Cases of malaria up by 30,000


via CAAI News Media

Monday, 22 February 2010 15:03 Khoun Leakhana

REPORTED malaria cases rose by 30,000 in 2009, resulting in 100 more deaths than the previous year, health officials said on Sunday.

Dr Duong Socheat, director of the National Centre for Parasitology, Entomology and Malaria Control (CNM), said there were over 80,000 malaria cases resulting in 300 deaths in the Kingdom last year, compared with 50,000 cases and 200 deaths in 2008.

He said the rise was caused by increased rainfall as well as by the fact that more people had been exposed to malaria-carrying mosquitoes as a growing number of soldiers and construction workers were deployed to high-risk forested areas in Ratanakkiri, Mondulkiri, Stung Treng, Kratie, Kampong Cham and Koh Kong provinces.

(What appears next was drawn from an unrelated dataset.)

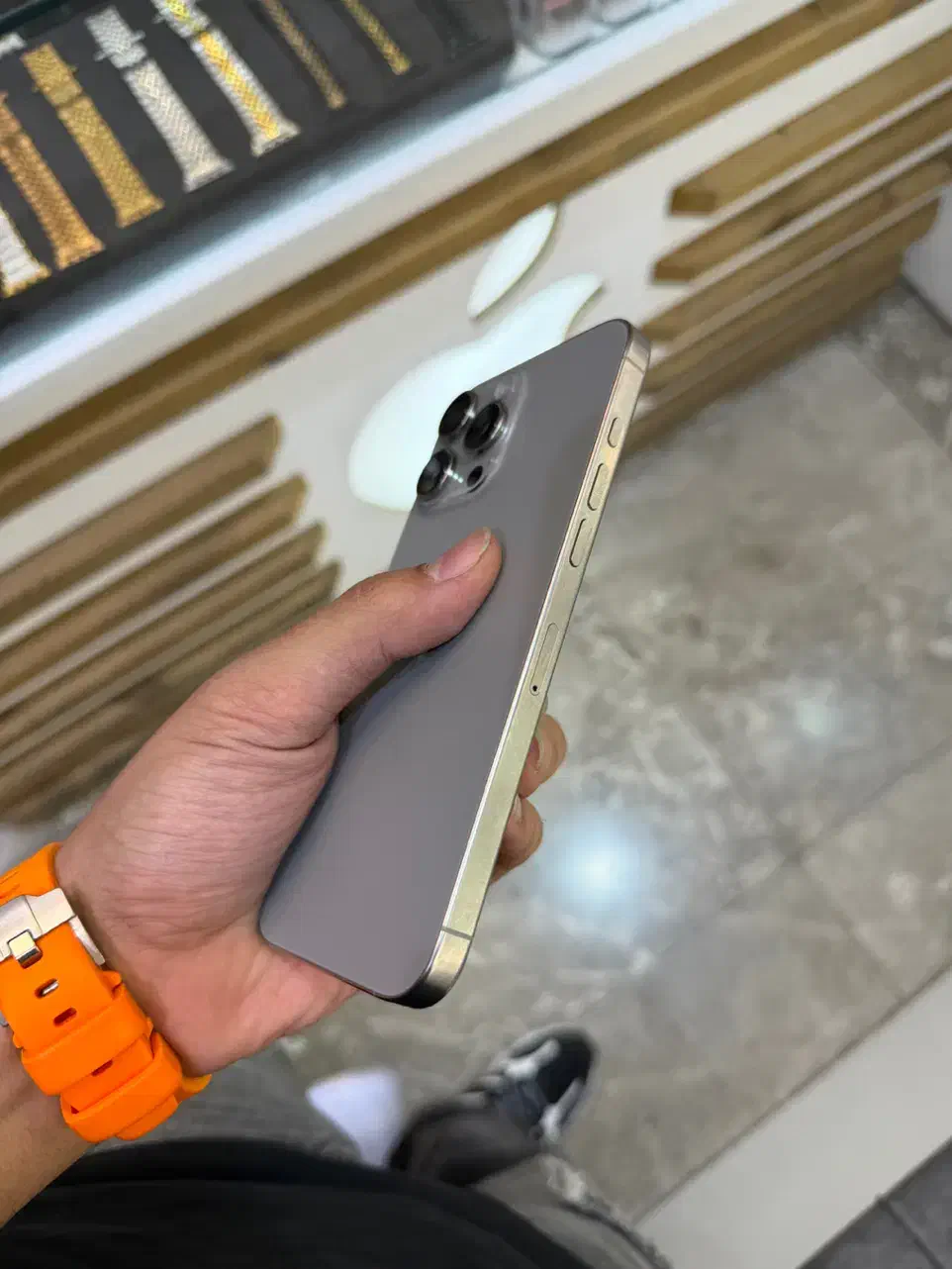 آیفون ۱۶پرومکس ۲۵۶ گیگ ZAA نچرال تیتانیوم|موبایل|تهران, جنت‌آباد جنوبی|دیوار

Tol Bunkea, chief of the CNM’s epidemiology department, said a full report detailing the end-of-year figures would be released in March.

Duong Socheat said the CNM had been successful in decreasing the spread of malaria by about 60 or 70 percent in the eight years from 2000 to 2008, and he was optimistic about the success of a national campaign aimed at completely eliminating malaria deaths by 2020.